At CES 2026, technology is no longer arriving in discrete product categories. It is arriving as systems—interconnected, adaptive, and increasingly autonomous. That, according to Brian Comiskey, Senior Director of Innovation and Trends at CTA, is the defining shift shaping this year’s show.
“Innovation doesn’t occur in silos,” Comiskey said during CTA’s Tech Trends presentation. “Breakthroughs in one technology influence the advances of another, because like the humans they benefit, they’re never just one thing.”

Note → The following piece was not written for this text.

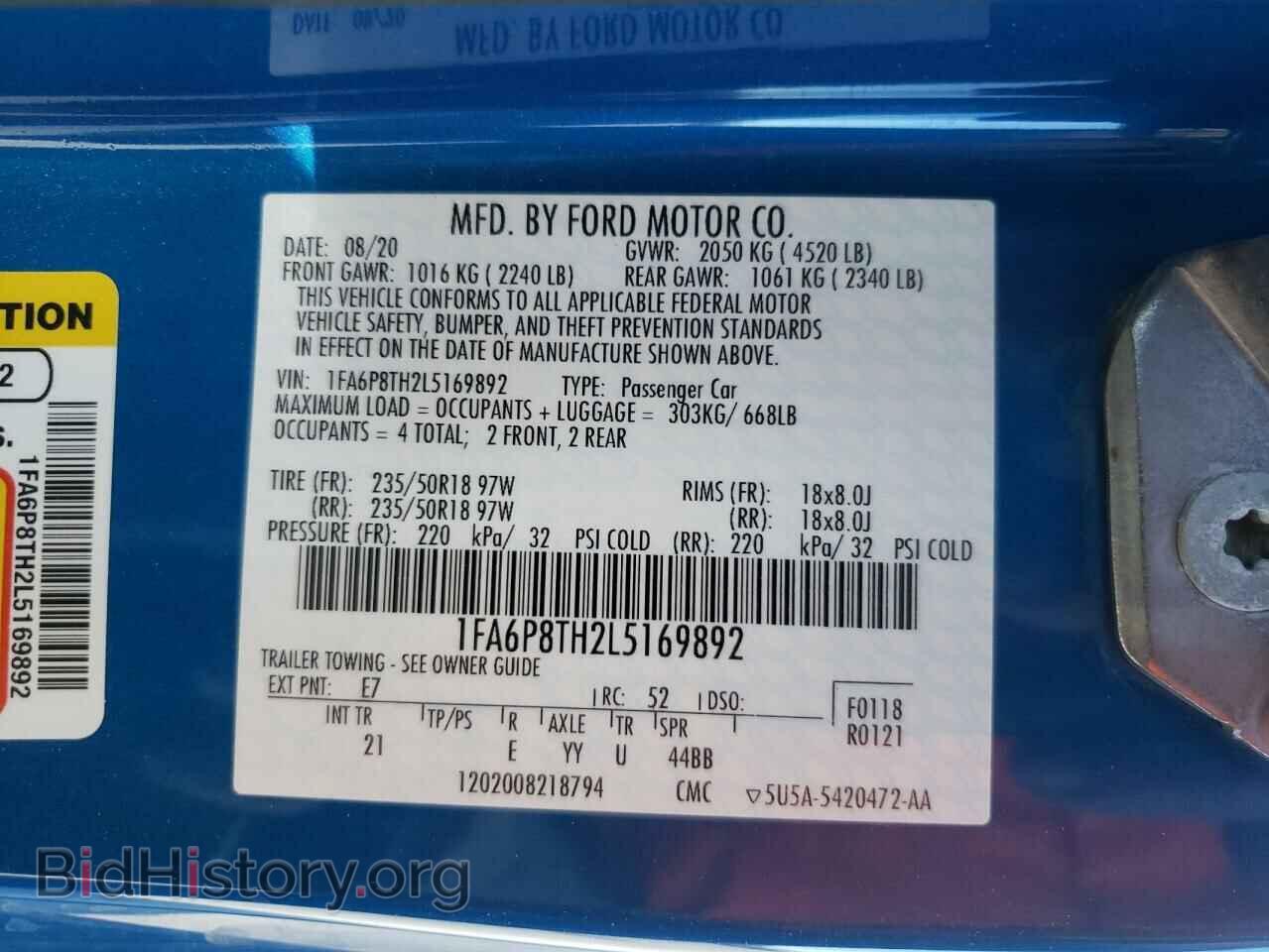 2020 FORD ALL Models - VIN: 1FA6P8TH2L5169892 - Фото 12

From that premise flows CES 2026’s organizing framework: three mega-trends that together describe how technology is reshaping economies, institutions, and daily life—Intelligent Transformation, Longevity, and Engineering Tomorrow.
Intelligent Transformation: From Digital to Cognitive Infrastructure
For two decades, digital transformation was defined by cloud adoption, mobile connectivity, and e-commerce. Comiskey argues that era is now decisively over.
“In the 2020s, we find ourselves in a new era—intelligent transformation,” he said. “This is a wave of innovation brought about by the rise of artificial intelligence and its increasing capabilities, which is changing the operations of enterprises, the functions of workers, and the lives of consumers.”
Unlike earlier digitization efforts, intelligent transformation is not merely about moving data—it is about converting data into action. According to Comiskey, this leap rests on three pillars: cybersecurity, scalable cloud infrastructure, and simulation.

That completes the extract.